Portrush
circa June 1965
If you are ever in Portrush, on the north Irish coast, and you head down Causeway Street from the town centre, just before the Catholic church you will see St. Patrick’s Hall. Now the building was not always connected with the church. In my day, in the 1950s and 1960s, it was called The Palladium and it was a theatre, putting on variety shows during the brief holiday seasons of Easter and summer, when the resort used to be a tourist destination, before the tour companies started offering cheap holiday flights and hotels in the more reliable southern European sunshine. For most of the year The Palladium was shuttered.
Before its transformation to a variety theatre, the Palladium was a ballroom, with a resident orchestra. There was also Barry’s Ballroom. With thousands of soldiers stationed in north Ulster, training for the eventual invasion of mainland Europe, there must have been plenty of trade for the ballrooms and the local girls were very much in demand. That was how my mother met my father in 1942.
I never heard my father speaking of playing at the Palladium. He ended his military service in January of 1946 in Lübeck on the Baltic, having been involved in the fighting from the invasion of Normandy through Belgium, The Netherlands and Germany. When he returned to Portrush, he got his professional opportunity as pianist with Ernie Mann’s band, then resident in Barry’s Ballroom. When Ernie was forced to retire, due to ill- health, my father took over leadership of the band.


But by the early 1950’s, musical tastes were changing, with Bill Haley and His Comets and the jive displacing the formal quickstep and waltz and orchestras. And then came Elvis Presley, Cliff Richard and the Shadows, the Beatles and the avalanche of groups with singer, lead, rhythm and bass guitars and drums. In Portrush, the Arcadia Ballroom opened in 1953 and Barry’s Ballroom closed around that time. I don’t know what happened to the Palladium Ballroom, but I suspect that it had already ceased to operate. My father moved his band to the Northern Counties hotel, and for many years they continued there. He became very well-known and many times over the years, when they have heard my name, strangers have said to me, ‘you wouldn’t be Harry Blackwood’s son, would you now?’

I only ever once went to a show at the Palladium. I think it was in the early summer of 1965, but I am not sure. Neither can I remember clearly who I went with. It may have been Trevor Gaston and Martin Williamson, but again it is all a blur. You see, we went to a performance of Edwin Heath. the well-renowned hypnotist, and I fell asleep in the first few minutes of the show, when he was introducing his act and the entrancing music was playing in the background. I was not the only one; those of us who succumbed were led up to the stage and we were the show for the next hour or so.

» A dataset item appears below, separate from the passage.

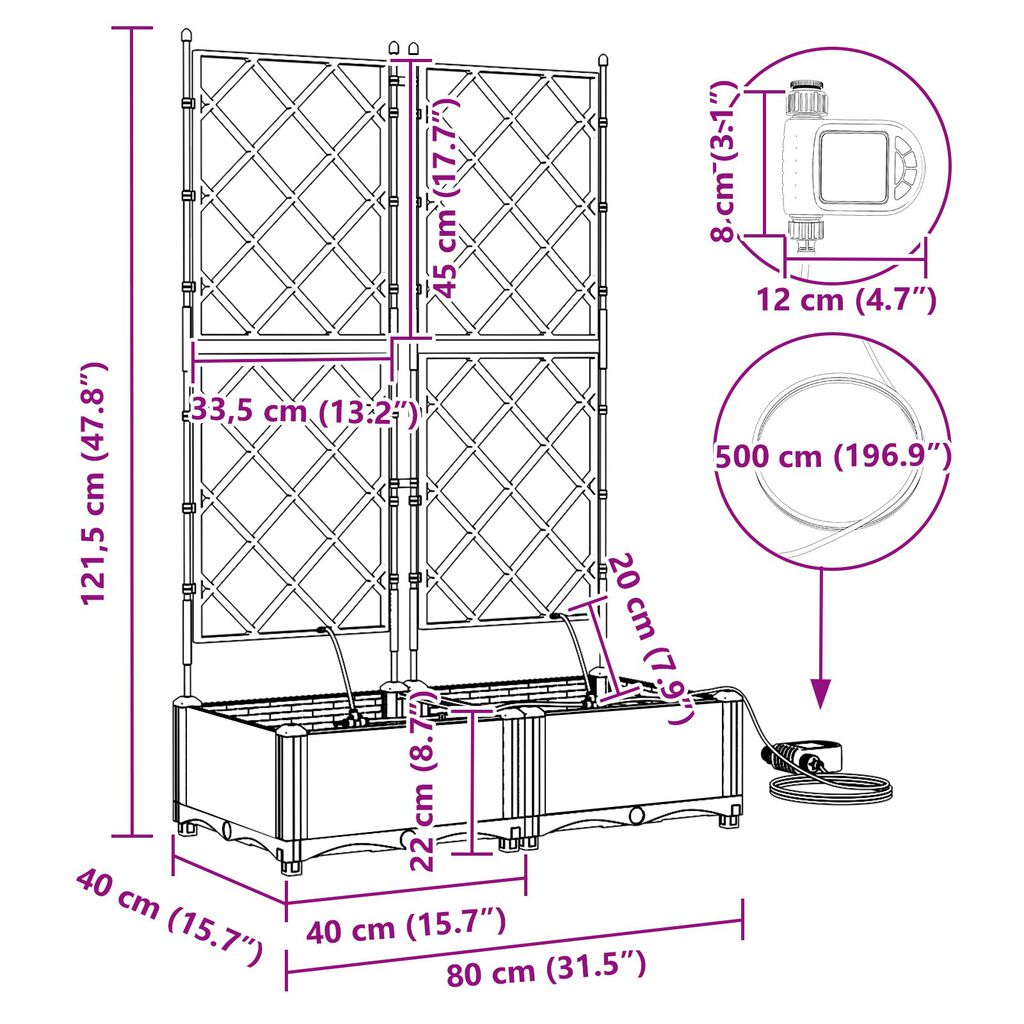 vidaXL Ζαρντινιέρες κήπου Μαύρο 80 x 40 x 126 cm Ατσάλι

I recall nothing. Afterwards I learned that the ‘victims’ were commanded to react to many different out-of-character situations: acting as we were different animals, believing that a glass of water tasted foul or another strongly alcoholic etc., and in my case to imitate a well-known singer, singing a hit song.
Now singing in front of an audience, hypnotised or not, for me was nothing unusual; I was the drummer in Bill McKeown’s Group, appearing at various local hotels in the area and further afield in Belfast, Red Bay and the Giant’s Causeway. We even had a six-week, Monday through Saturday, summer booking in a local hotel. In addition to a full-time day job, it was hard work, playing from 20:00 to midnight and often much later. We were ‘cheap and cheerful’ and there was little competition in those days. Bill was a talented pianist and saxophonist, his wife had a beautiful voice, his son was competent on the guitar. In addition to drumming, I sang ballads. When the client had sufficient budget, we included a bass guitar and trumpet, the latter being Tommy Tinkler, who was formerly in my father’s band and is in both photos above.
And in the Edwin Heath show, I sang the Jim Reeves hit song, ‘I love you because’, as I had many times before.
Today Portrush is but a shadow of what it was in its heyday in the 1950s and 1960s, when the holiday crowds filled the hotels and boarding houses, staying for a week or more, when the beaches were crowded in the rare good weather, the amusement arcades were full and in the evening the centre of the tiny town was one big traffic jam and the pavements crowded. These days, many of the former boarding houses have shut or have been converted into flats for the students from the nearby university. And the steam trains that used to shuttle back and forth from Belfast, have long been retired and replaced by a tiny local commuter train, carrying students to their classes at the university in Coleraine.

And all the former ballrooms have disappeared; Barry’s Ballroom was demolished and the area converted to more amusement machines; the Northern Counties Hotel was burned down in an arson attack and eventually replaced by a Ramada Inn; the Arcadia was largely demolished and only a part of the original building remains.

Of the four, only the Palladium still functions, albeit in its new role as a church hall.